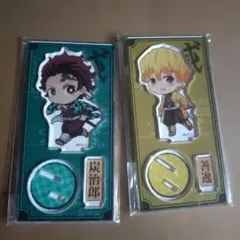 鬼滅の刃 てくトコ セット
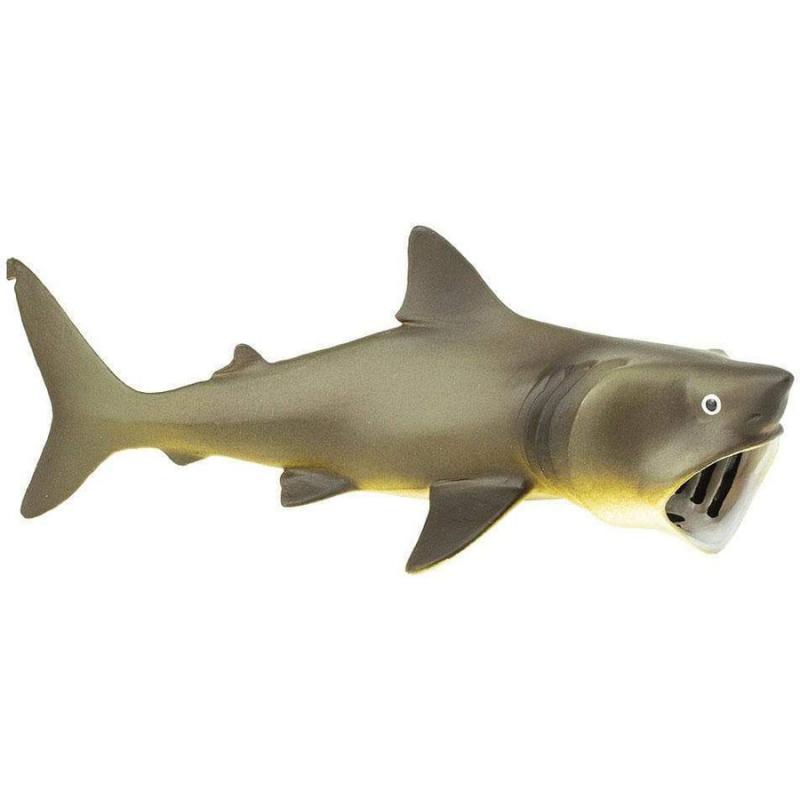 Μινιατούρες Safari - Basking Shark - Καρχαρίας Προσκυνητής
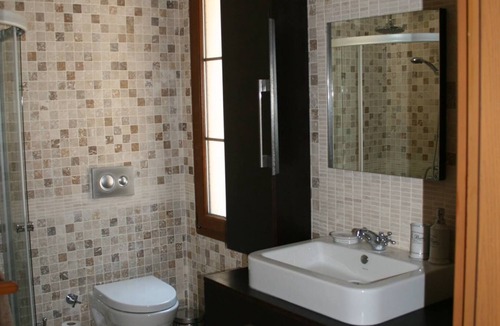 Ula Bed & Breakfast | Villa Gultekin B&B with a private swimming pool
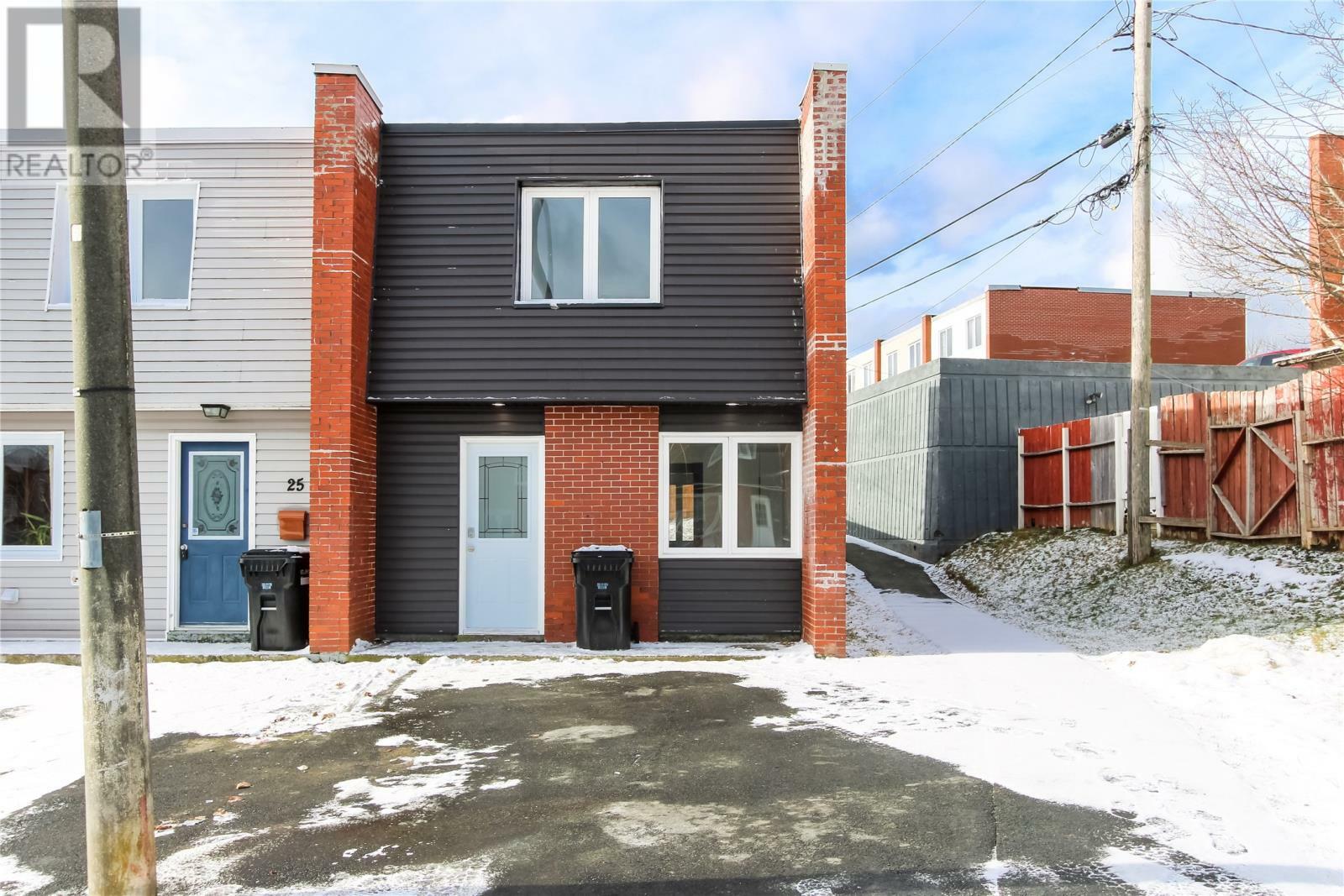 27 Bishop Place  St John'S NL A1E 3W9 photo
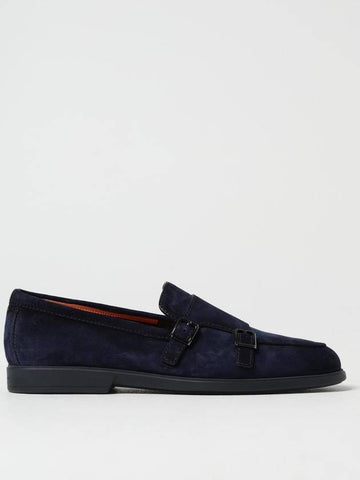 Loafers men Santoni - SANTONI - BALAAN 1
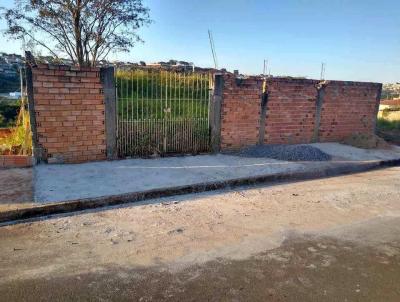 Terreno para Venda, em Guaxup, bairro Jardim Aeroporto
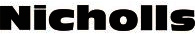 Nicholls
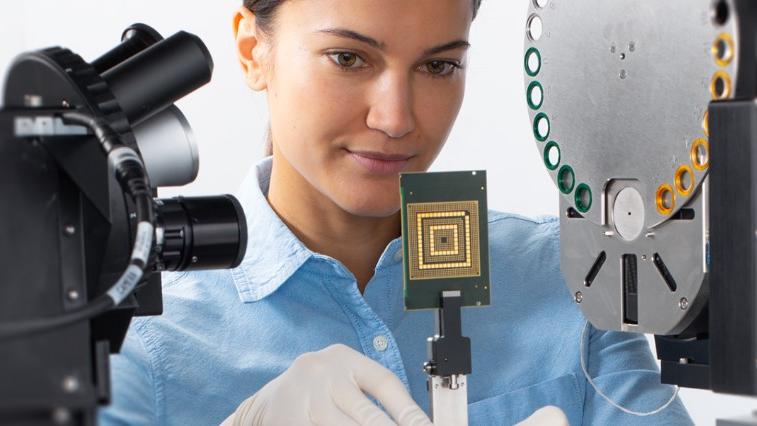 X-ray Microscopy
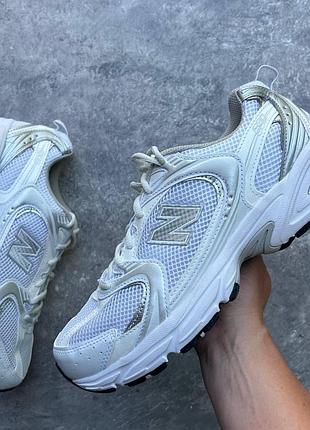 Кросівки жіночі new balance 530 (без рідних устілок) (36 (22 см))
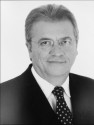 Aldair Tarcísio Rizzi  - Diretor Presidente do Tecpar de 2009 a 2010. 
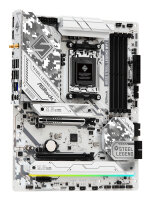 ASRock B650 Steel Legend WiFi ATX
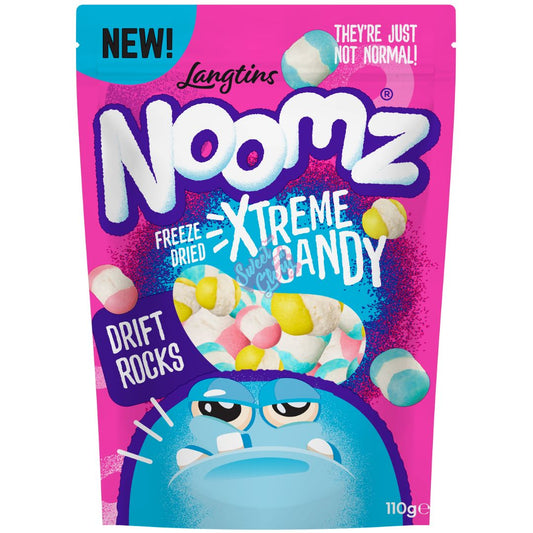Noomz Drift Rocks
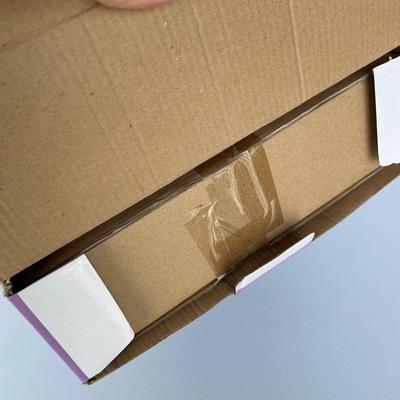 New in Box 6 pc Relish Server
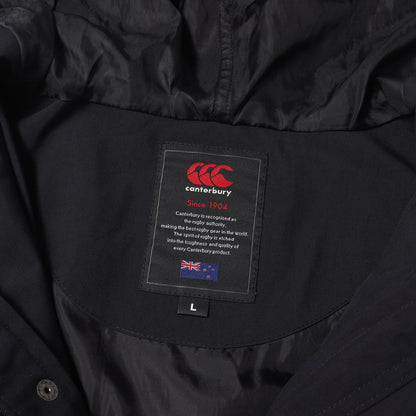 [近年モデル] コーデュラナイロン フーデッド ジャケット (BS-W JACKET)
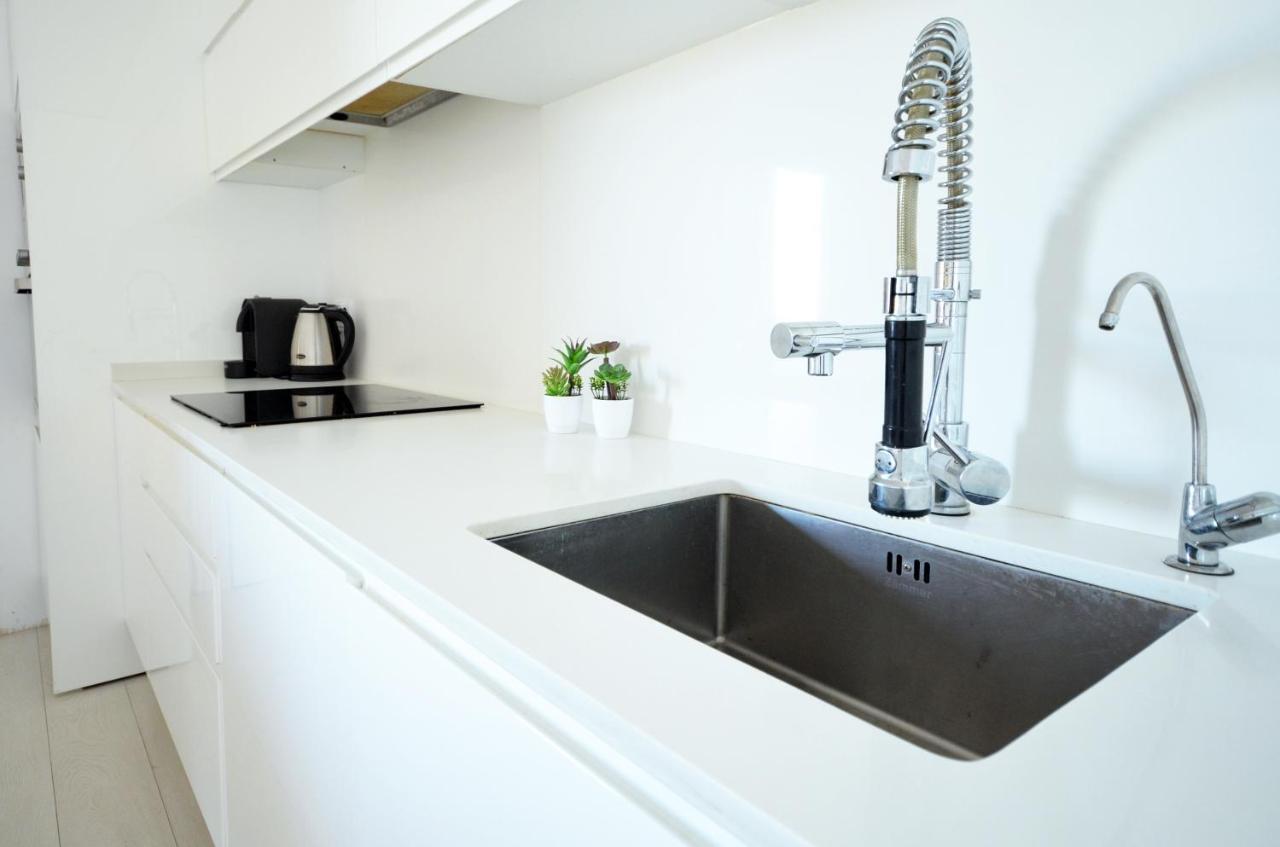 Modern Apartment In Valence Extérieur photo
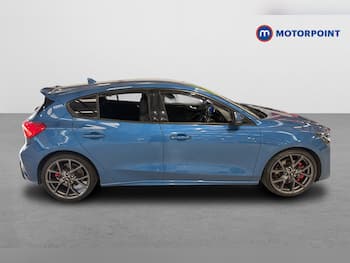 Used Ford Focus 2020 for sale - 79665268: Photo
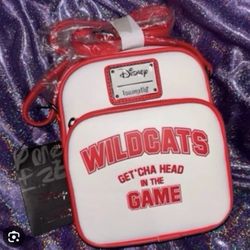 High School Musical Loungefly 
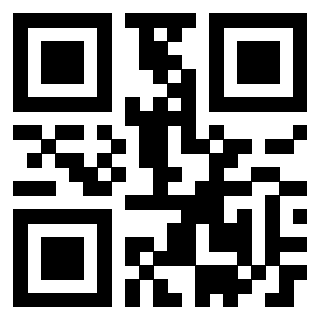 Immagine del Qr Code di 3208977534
********************
- **Activity**
Pictures within the entries must not be reproduced; everything else is to be restated verbatim.

- **Expected answer**
 鬼滅の刃 てくトコ セット
 Μινιατούρες Safari - Basking Shark - Καρχαρίας Προσκυνητής
 Ula Bed & Breakfast | Villa Gultekin B&B with a private swimming pool
 27 Bishop Place  St John'S NL A1E 3W9 photo
 Loafers men Santoni - SANTONI - BALAAN 1
 Terreno para Venda, em Guaxup, bairro Jardim Aeroporto
 Nicholls
 X-ray Microscopy
 Кросівки жіночі new balance 530 (без рідних устілок) (36 (22 см))
 Aldair Tarcísio Rizzi  - Diretor Presidente do Tecpar de 2009 a 2010. 
 ASRock B650 Steel Legend WiFi ATX
Noomz Drift Rocks
 New in Box 6 pc Relish Server
 [近年モデル] コーデュラナイロン フーデッド ジャケット (BS-W JACKET)
 Modern Apartment In Valence Extérieur photo
 Used Ford Focus 2020 for sale - 79665268: Photo
 High School Musical Loungefly 
 Immagine del Qr Code di 3208977534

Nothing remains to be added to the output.